In life, people come and go. Even things that used to be in the rage and of places that used to be bustling with people, over time popularity may dwindle, things take a toll by the harsh realities of time but memories are not meant to be broken. There are people who may do things that upset you and practically make your life a living hell but there are also others who are basically real life angels. Sadly, the rapid changing world has made many people cold hearted and instead of doing some self-reflection on how they could be better, they choose to blame it on other people.

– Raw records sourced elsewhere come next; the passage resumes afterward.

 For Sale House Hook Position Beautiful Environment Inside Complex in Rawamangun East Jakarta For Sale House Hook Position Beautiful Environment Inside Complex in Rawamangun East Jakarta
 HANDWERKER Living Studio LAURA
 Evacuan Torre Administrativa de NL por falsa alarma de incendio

When you hear them talk, all you can think about is how the world doesn't revolve around them. Don't always expect people to bend over backwards for you for your own benefits. Fortunately, there are still others who are rational, supporting and caring enough to be there for your in times of your need and to support you in every step you take. 

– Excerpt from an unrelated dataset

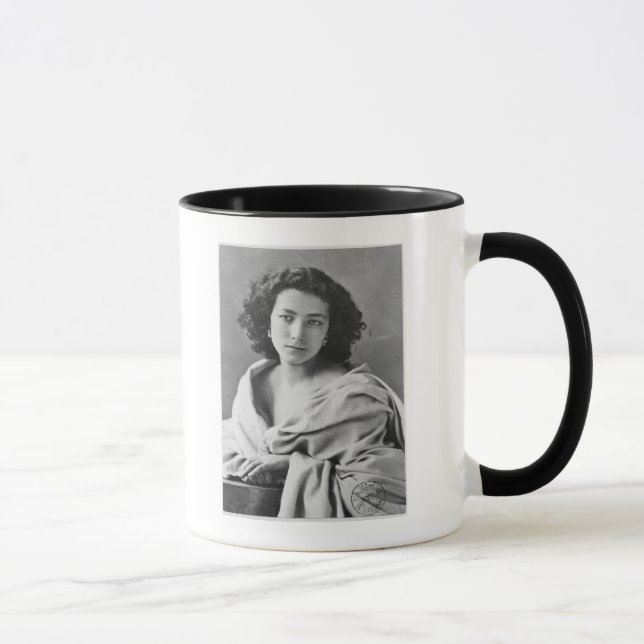 Mug Sarah Bernhardt dans le costume, c.1860 (Droite)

I do have such people in life and one of them is a friend, not just to me, but to many others. Her birthday is coming up soon and we did a small celebratory lunch with her before sitting down about two hours later to pass her the gifts, and ahem..for me to take the opportunity for a selfie with her.

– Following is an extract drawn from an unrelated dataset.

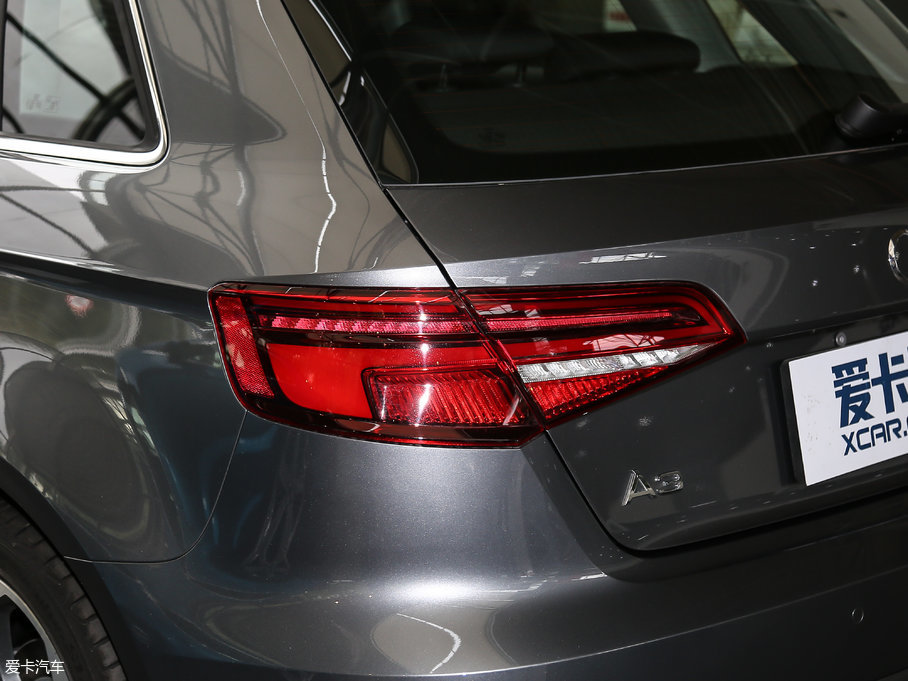 2018WA3 30 Sportback 35 TFSI\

I cannot find any faults in her..well, perhaps her inability to find a boyfriend LOL...oh wait, that happens to be mine too, haha. She is down to earth and level headed about things in general and practically an angel with a lot of lame jokes in her mind. I just think that she is where she is right now not because of her family background but because she deserves all the good things that she have in her life right now. She is so understanding and practical and think before she does things by not letting emotions get in the way.

Nowadays it's so easy to find easily irritated people who have no qualms picking fights and quarrels, even in the middle of the road or in public places. But this friend of mine has a certain kind of zen in her, haha. Well, what is the point of always being angry at other people anyway, eh? We're not perfect ourselves, we can't expect other people to be perfect too.

Happy Birthday to you!

In the evening, I had the chance to go to the defunct Bukit Timah railway station and instead of enjoying myself, within 5 minutes, I was overcome by sudden illness that we had to cut our adventure short. Haiz, don't wish to get into details of it. It's so majorly embarrassing although thankfully there isn't many people around.

To cut the story short, it was a bad experience although thankfully, nobody noticed it. I've caught myself in this situation before and it was not a good experience too but I learnt from my mistake. I also learnt the mistake from my earlier illness too, sigh. 

I managed to take one lonely shot of this remaining railway track.




You can imagine the situation back then when people used to lug their belongings and hoping to get home safely amidst the bustling crowd. I had one memory of boarding the train when I was so much younger back then in the early 80s at the Tanjong Pagar railway. However, I wasn't quite sure if it was indeed a memory from the past or I was simply imagining things because I did have pictures of my parents in the train from our old album. I could have imagined going to the station and eventually the train.

If indeed it was true, then it will be like a treasured memory of mine, much like the selfie I took with the upcoming birthday girl.

People and things may come and go but what is important to remember are the treasured memories we had of our first adventure and the friendship that we have.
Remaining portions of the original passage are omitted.